**What to produce:** The copy must match the data below line for line and contain no images.
++++ Input data ++++
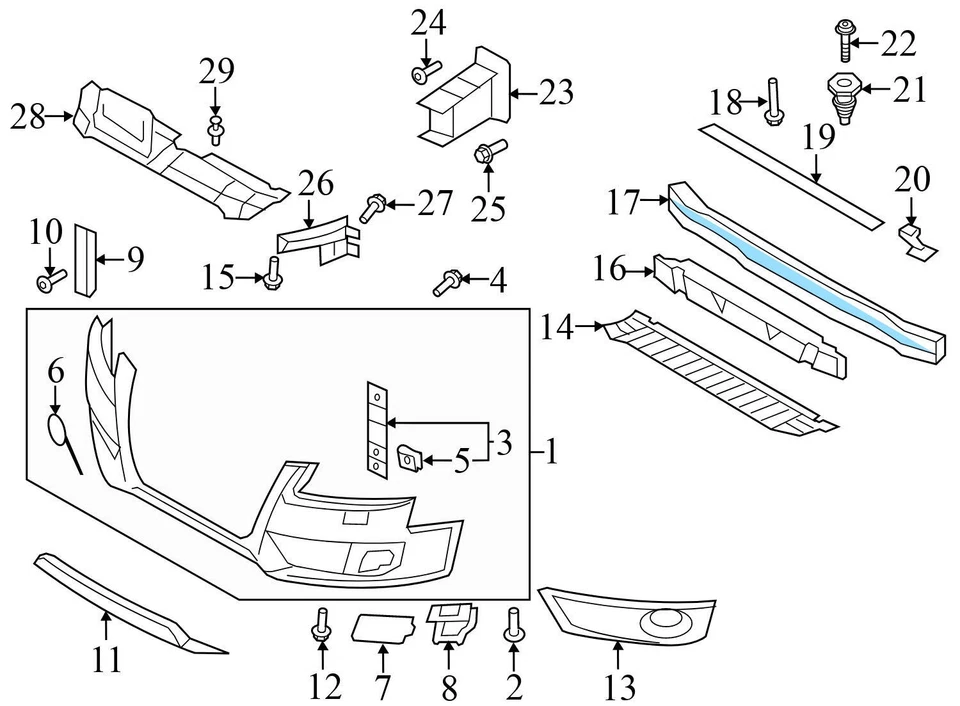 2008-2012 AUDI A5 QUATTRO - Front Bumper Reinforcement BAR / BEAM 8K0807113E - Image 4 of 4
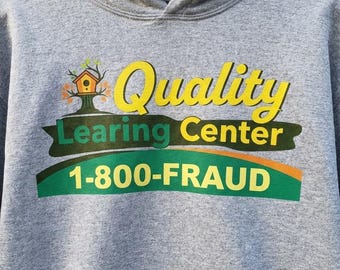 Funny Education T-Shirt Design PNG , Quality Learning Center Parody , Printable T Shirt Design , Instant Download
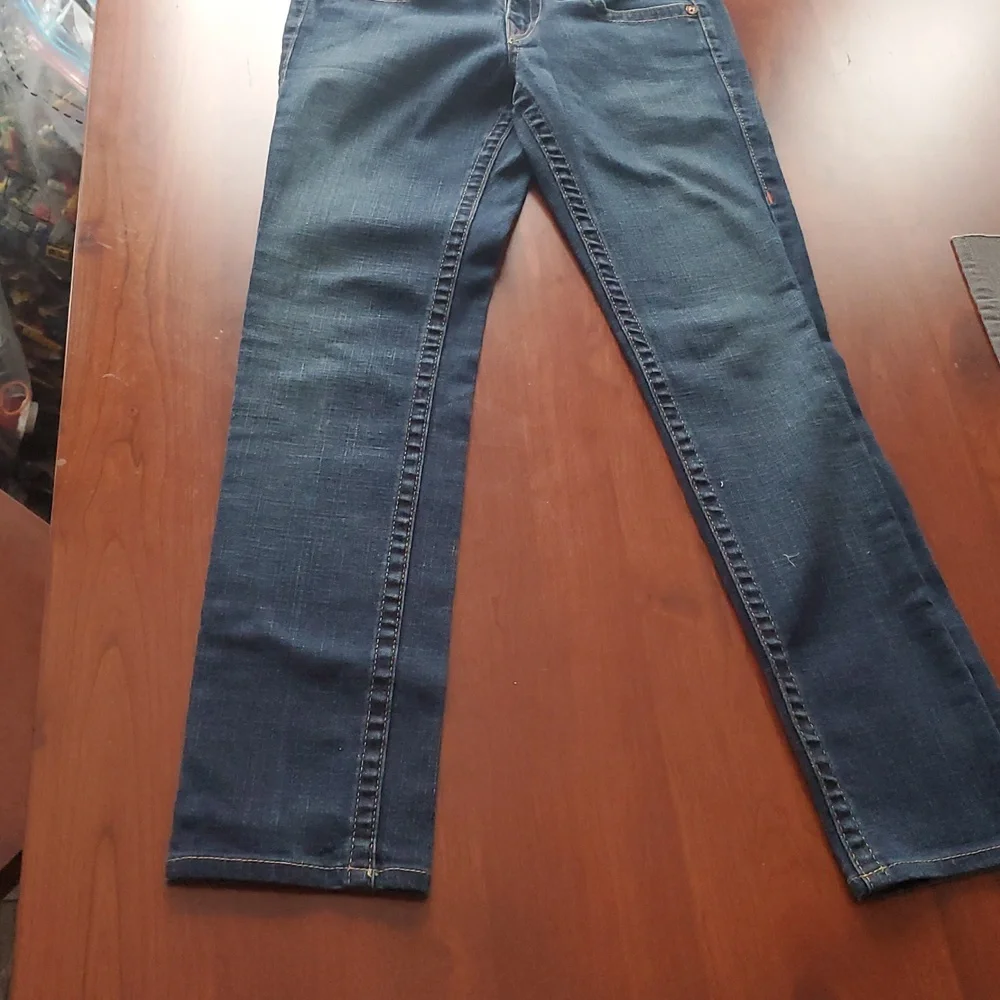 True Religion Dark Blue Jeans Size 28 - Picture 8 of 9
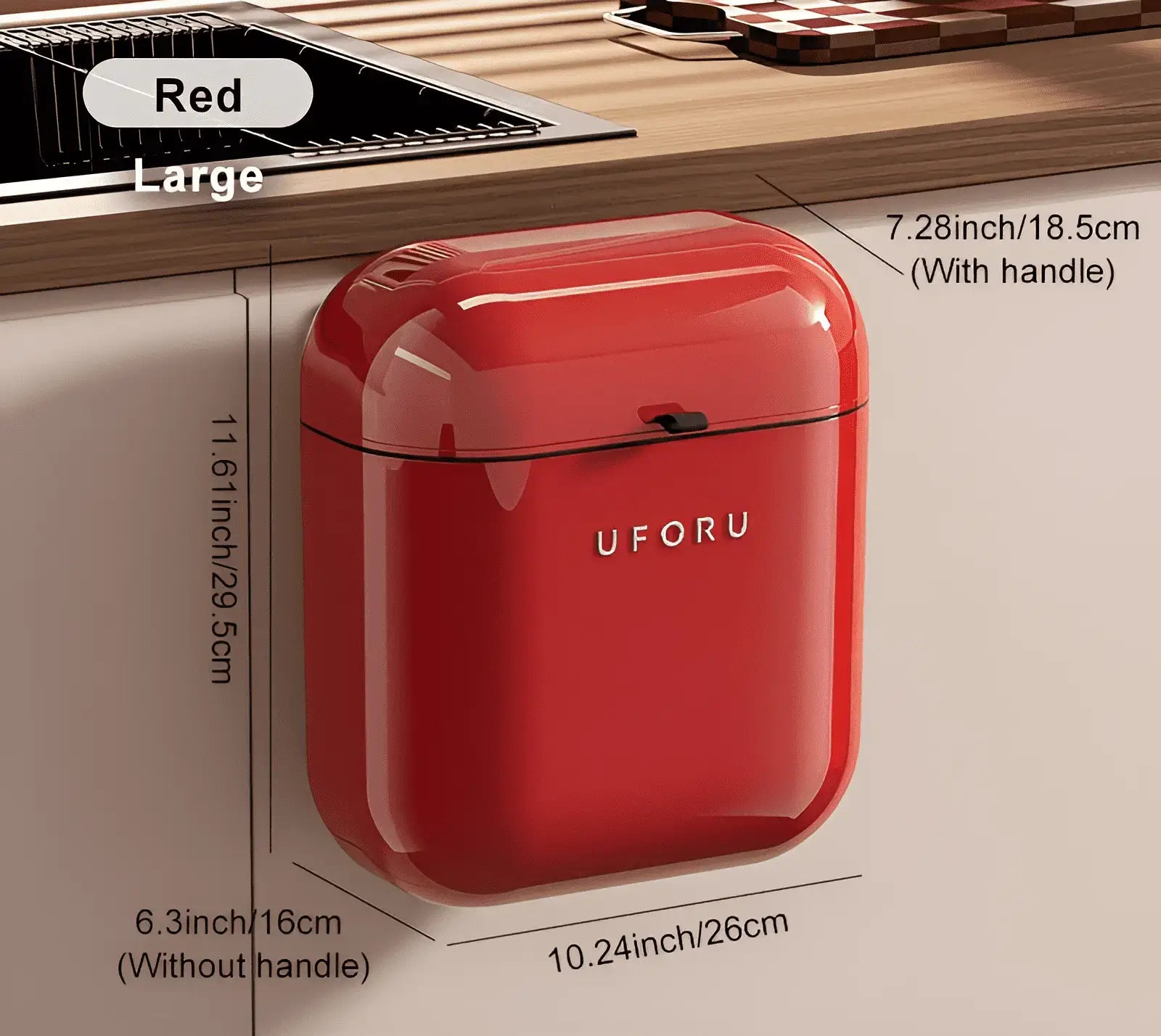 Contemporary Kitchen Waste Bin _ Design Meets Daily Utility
++++
**Solution to the problem:**
 2008-2012 AUDI A5 QUATTRO - Front Bumper Reinforcement BAR / BEAM 8K0807113E - Image 4 of 4
 Funny Education T-Shirt Design PNG , Quality Learning Center Parody , Printable T Shirt Design , Instant Download
 True Religion Dark Blue Jeans Size 28 - Picture 8 of 9
 Contemporary Kitchen Waste Bin _ Design Meets Daily Utility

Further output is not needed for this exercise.